Dave Larue takes a solo for a Spur of the Moment that leads into a cover of Dream Theater's Repentance, another Portnoy vocal turn. This is more psychedelic than I remembered, and Morse's keyboards shine, making this, along with Larue's heavily effected bass, appropriately Floyd-like. Can it be long before the world sees a Portnoy solo project? Of course, it may be unnecessary, as he seems to already do exactly as he pleases, musically. I'm guessing that Portnoy loses little sleep over his departure from DT these days.
Neal Morse gives a nod to his old outfit, Spock's Beard with a reading of June. Morse is a musical treasure, one of America's greatest, and he's always on point and never off the mark. This track has more than a bit in common with the best work of Graham Nash in CSN. A very pretty respite with some gorgeous group vocals.
All Fall Down is the metallic riff rocker of the set and by far the heaviest tune off the band's self titled debut. Steve Morse tears this apart with fleet fast fingered dalliances up and down the neck, and Portnoy is with him every step of the way. If Steve had been in a band with this much firepower in the nineties, he'd have been riding in jets instead of piloting them. About two and a half minutes into this tune, Larue and Morse take things into the stratosphere with a bit of nuclear powered soloing. Magnificent.
The soundtrack number, Everything Changes is next and it is a cinematic wonder. Majestic as anything, this is one of Flying Colors best moments, and it's even better live than in the studio. Neal Morse's recorder patches are gorgeous under McPherson's singing, and it gets little better than this. It's a great song, being played and sang by a group of musicians who are at the very top of the hill, and all I can say is that I can't see where they take it from here.
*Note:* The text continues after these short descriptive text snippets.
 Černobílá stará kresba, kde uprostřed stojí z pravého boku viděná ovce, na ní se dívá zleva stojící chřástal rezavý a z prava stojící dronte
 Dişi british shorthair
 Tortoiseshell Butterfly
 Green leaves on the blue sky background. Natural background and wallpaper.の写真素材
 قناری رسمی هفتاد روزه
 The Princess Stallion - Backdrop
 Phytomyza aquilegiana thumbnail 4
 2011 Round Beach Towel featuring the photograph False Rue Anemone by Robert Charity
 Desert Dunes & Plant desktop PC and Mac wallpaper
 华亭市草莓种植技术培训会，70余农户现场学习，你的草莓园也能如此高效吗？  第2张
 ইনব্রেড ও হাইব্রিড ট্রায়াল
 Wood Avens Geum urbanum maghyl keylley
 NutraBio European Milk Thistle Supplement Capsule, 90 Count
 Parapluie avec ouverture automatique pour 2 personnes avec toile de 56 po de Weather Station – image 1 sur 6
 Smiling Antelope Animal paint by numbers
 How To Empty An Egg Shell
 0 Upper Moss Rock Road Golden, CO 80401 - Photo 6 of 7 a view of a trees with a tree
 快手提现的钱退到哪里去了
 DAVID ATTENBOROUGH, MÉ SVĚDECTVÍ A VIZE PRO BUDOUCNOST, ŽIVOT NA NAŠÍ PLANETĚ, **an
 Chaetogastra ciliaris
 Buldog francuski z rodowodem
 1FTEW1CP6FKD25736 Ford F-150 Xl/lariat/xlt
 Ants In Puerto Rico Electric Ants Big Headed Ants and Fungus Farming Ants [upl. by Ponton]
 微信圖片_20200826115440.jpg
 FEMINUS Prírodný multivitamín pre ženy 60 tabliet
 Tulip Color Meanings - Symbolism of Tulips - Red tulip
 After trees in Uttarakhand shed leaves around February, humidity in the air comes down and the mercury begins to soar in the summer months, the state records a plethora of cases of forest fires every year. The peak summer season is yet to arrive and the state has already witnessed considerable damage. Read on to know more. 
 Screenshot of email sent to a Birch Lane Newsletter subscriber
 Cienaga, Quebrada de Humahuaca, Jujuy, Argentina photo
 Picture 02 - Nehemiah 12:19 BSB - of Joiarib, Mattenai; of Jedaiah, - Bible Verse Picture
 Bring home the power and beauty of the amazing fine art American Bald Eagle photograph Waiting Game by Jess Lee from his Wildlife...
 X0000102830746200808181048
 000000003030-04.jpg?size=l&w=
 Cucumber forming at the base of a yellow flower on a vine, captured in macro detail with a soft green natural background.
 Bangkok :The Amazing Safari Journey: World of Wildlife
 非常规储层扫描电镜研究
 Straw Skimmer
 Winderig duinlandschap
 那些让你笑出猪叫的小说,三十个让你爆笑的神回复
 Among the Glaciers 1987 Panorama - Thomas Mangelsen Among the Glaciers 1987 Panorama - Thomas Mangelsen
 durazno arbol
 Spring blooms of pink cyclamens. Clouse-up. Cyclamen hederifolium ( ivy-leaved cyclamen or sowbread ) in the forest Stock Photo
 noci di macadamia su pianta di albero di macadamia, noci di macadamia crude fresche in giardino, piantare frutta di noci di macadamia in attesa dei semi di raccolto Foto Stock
The train leaves the station with Infinite Fire the same place they left off with their debut, and that feels just right. If by now they haven't made their case the case was thrown, a frame up, for whether you're a fan of pop music, prog rock, hard rock, or even heavier, there is plenty here for any music lover to sink their teeth into. Flying Colors is one of the most powerful musical machines on the planet as of today, and if I were you, I'd already be ordering this one up in whatever configuration works for you. Music this great deserves to be supported by dollar signs, so get out your wallets and help keep great rock alive, OK?